We were seeing lag in our application and figured it was do to low partitions and high volumes of data. But upon further investigation we found that the consumer was "moving backwards" and re-processing a series of messages on a partition.
When a message has an exception, the breakOnFirstError
will cause the partition/offset to be replayed again after the consumer is removed and readded to the consumer group. The 2nd time it occurs, it is typically followed by a seek to -1. This allows the consumer to move forward through the rest of the messages in that partition. However, it appears that sometimes the offset will be set to the value from another partition. That value can then result in the consumer reading from the partition where the error occurred in the wrong place.
What makes this particular observation tough to catch and debug is that it appears to be intermittent.
Under the src/logs
are 3 text files representing the logs for 3 separate runs of the provided test. Two of these logs capture the scenario where the offset is reset incorrectly. One of the logs captures what is expected to occur. The bottom of this README annotates the issue from the logs.
This was submitted with the following issue for Apache Camel
I did find some issues in Apache Camel that seem to be similar
The issue was first observed with the consumer running:
- Rocky Linux 8.7
- Open JDK 11.0.8
- Camel 3.21.0
- Spring Boot 2.7.14
- Strimzi Kafka 0.28.0/3.0.0
The basic Kafka settings:
- autoCommitEnable = false
- allowManualCommit = true
- autoOffsetReset = earliest
- maxPollRecords = 1
- breakOnFirstError = true
- consumerCount = 3 (same as partitions on the topic)
The Camel route is consuming messages from the topic. It will perform basic validation and then do a series of inserts and updates into the database. Note, the provided test omits any calls to an actual database.
The errors that are occur in the application are evaluated and categorized as either retryable or non-retryable. An example of the former might be a failure to connect to the database. An example of the latter might be missing data in the database.
When a retryable problem is encountered, the exception is thrown and is unhandled in order to force Camel to roll back any database activity that has already been performed. The Kafka offset is not committed. This allows the message to be re-consumed and processed once the problem is corrected. This test omits any errors that would be retryable.
When a non-retryable problem is encountered, the exception is also thrown and is left unhandled. This is to force Camel to roll back any database activity that has already been performed. In this case the Kafka offset is committed so that the message is not seen again.

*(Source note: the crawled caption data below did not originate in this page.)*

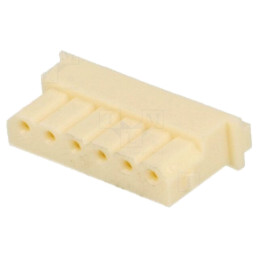 Conector: cablu-placă; mufă; mamă; PIN: 6; A2506; 250V; UL94V-0; 1x6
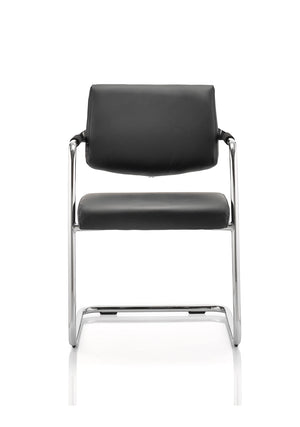 Havanna Medium Back Cantilever Visitor Chair With Arms BR000050 4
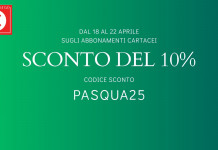 Sconto del 10% sull’abbonamento cartaceo a Caccia Magazine e Beccacce che Passione Sconto del 10% su abbonamento cartaceo a Caccia Magazine e Beccacce che Passione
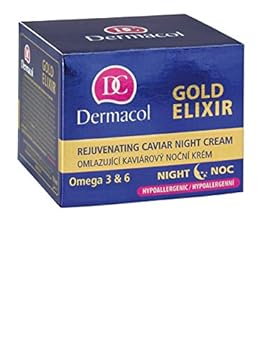 Dermacol Gold Elixir Rejuvenating Caviar Night Cream [50 ]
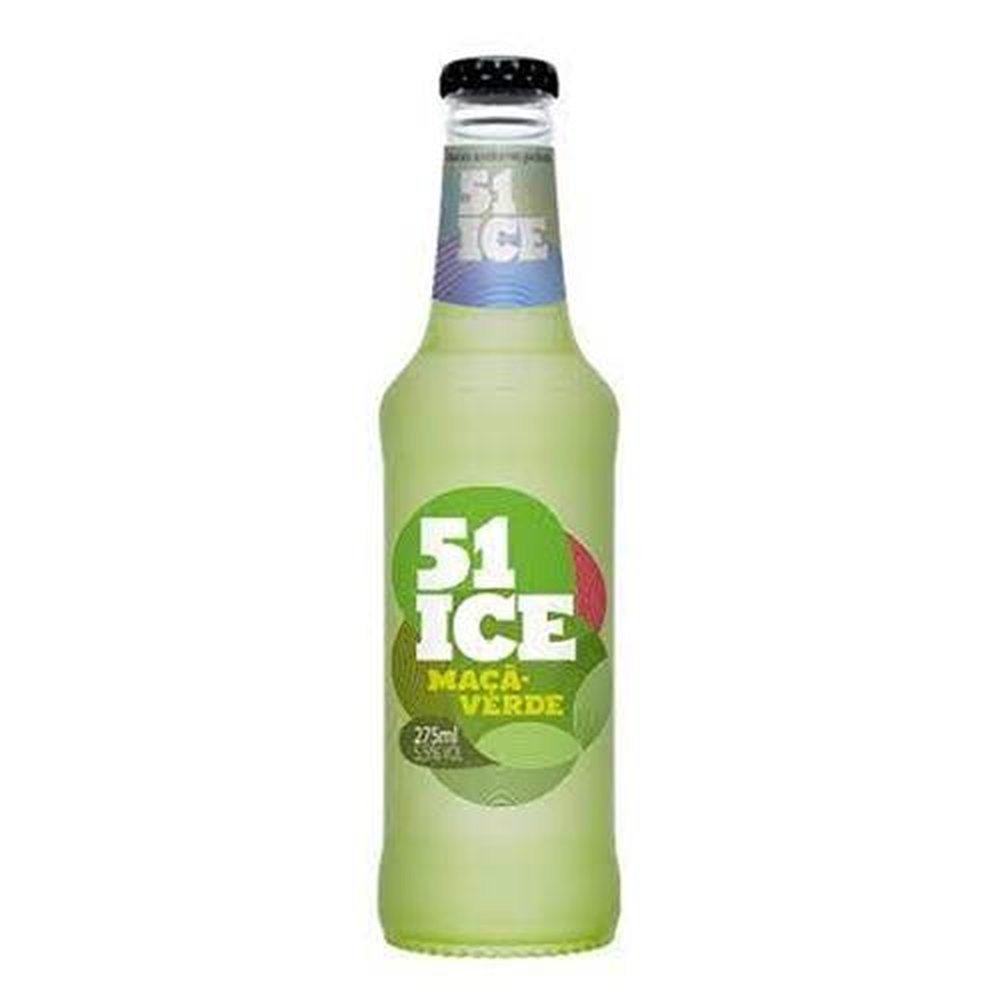 51 Ice Maça Verde 275ml 6x1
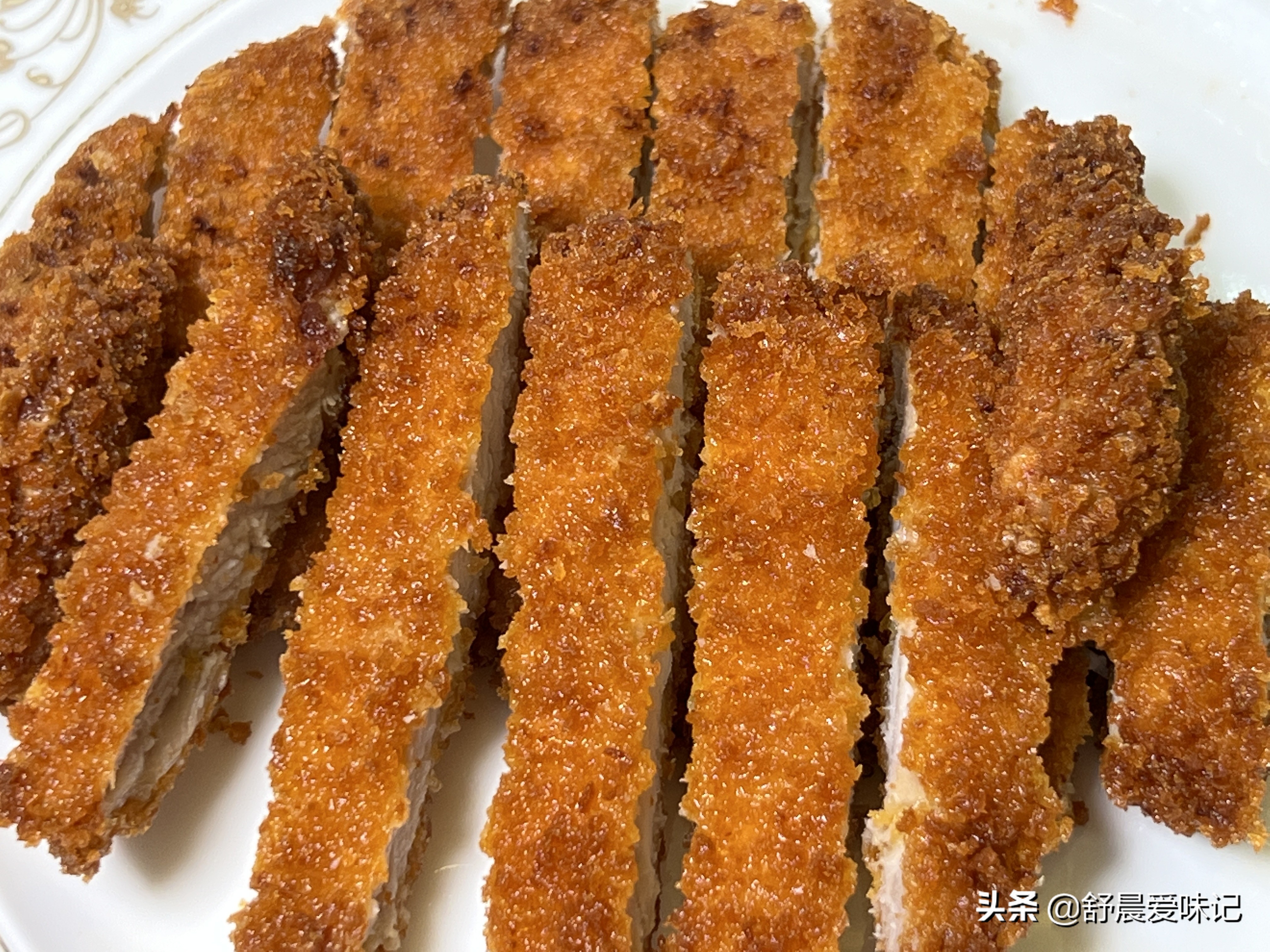 孩子愿意吃的猪排,孩子想吃猪排牛排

From the Camel docs (breakOnFirstError
)
This option controls what happens when a consumer is processing an exchange and it fails. If the option is false then the consumer continues to the next message and processes it. If the option is true then the consumer breaks out, and will seek back to offset of the message that caused a failure, and then re-attempt to process this message. However this can lead to endless processing of the same message if its bound to fail every time, eg a poison message. Therefore it is recommended to deal with that for example by using Camel’s error handler.
In the sample application we are publishing 13 messages. Each is a simple number or the text "NORETRY-ERROR". Each number is only published to the topic one time. The "NORETRY-ERROR" is published twice.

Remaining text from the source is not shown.